Paylaş
Zira ne Saadet Partisi’nin yükselişi beni rahatsız eder, ne de Ak Parti’nin zayıflamasından mutlu olurum. İttifak yapmaları durumunda mutlu olurum, lâkin yapmamaları durumunda da bir suçlu aramam. Sonuçta ikisi de bağımsız iki partidir, belirli ilkeleri vardır.

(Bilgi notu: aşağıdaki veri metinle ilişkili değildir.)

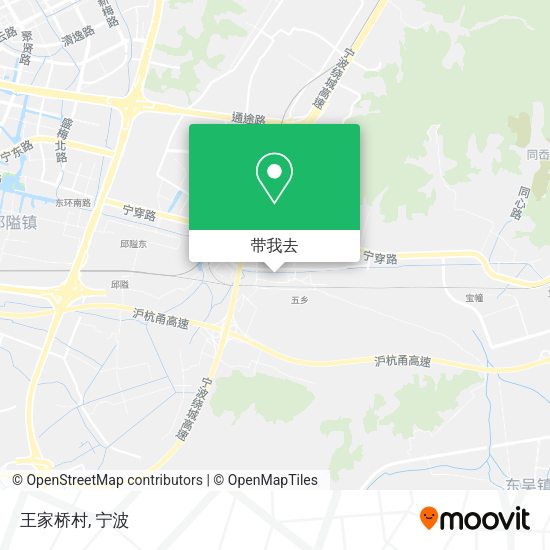 王家桥村地图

Refah Partisi, Fazilet Partisi ve Saadet Partisi dönemlerinde Kadın Kolları alanında uzun yıllar görev yapmam dolayısıyla gerek Ak Parti’den gerek Saadet Partisi’nden çok sevdiğim ve değer verdiğim arkadaşlarım vardır. Zaman zaman bir araya geliriz, bugüne kadar hiç birinden Saadet’i ihanetle suçlayan bir tavır görmedim. Ama nedense bazı yazarlar inatla Saadet Partisi’ni ihanetle suçlamaktadır. Hatta Ak Parti ile ittifak yapmamaları durumunda Temel Bey’i Erbakan Hoca’nın kemiklerini sızlatmakla dahi suçlayabilmekte, Erbakan Hoca yaşasaydı Temel Bey’e parmak sallayacağını dahi iddia edebilmektedir.

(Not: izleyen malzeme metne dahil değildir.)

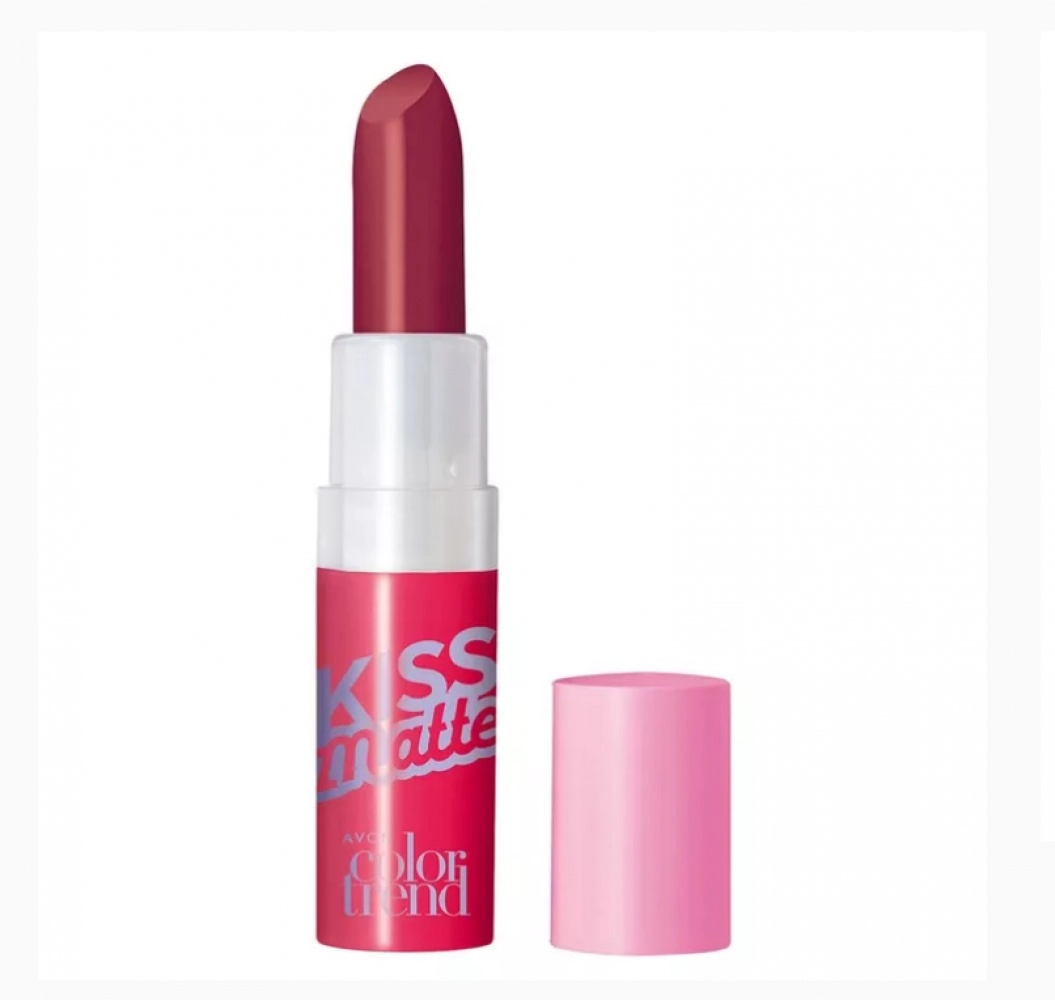 Avon Color Trend Kiss Matte Batom Batida De Vi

Ortada Saadet Partisi’nin yükselişinden kaynaklanan bir tehlike varsa işte bu durumdur. Ak Parti, Refah Partisi’nin içinden çıkmış bir partidir. Kaldı ki, ne dün gidenlerin ne de bugün kalanların ihanetle suçlanmasını asla ve asla kabul etmedim, etmiyorum. Böyle davrananların da siyasi parti mantığını ve dava insanlığı mantığını anlamamış insanlar olarak görüyorum. Saadet Partisi’nin tabanından birçok insan seçimlerde Ak Parti’yi desteklemiştir. Ben de dâhilim buna. Çok açık söyleyeyim; bugüne kadar Tayyip Bey’den Saadet Partisi’ni kötüleyen tek bir söz duysaydım, oy vermezdim.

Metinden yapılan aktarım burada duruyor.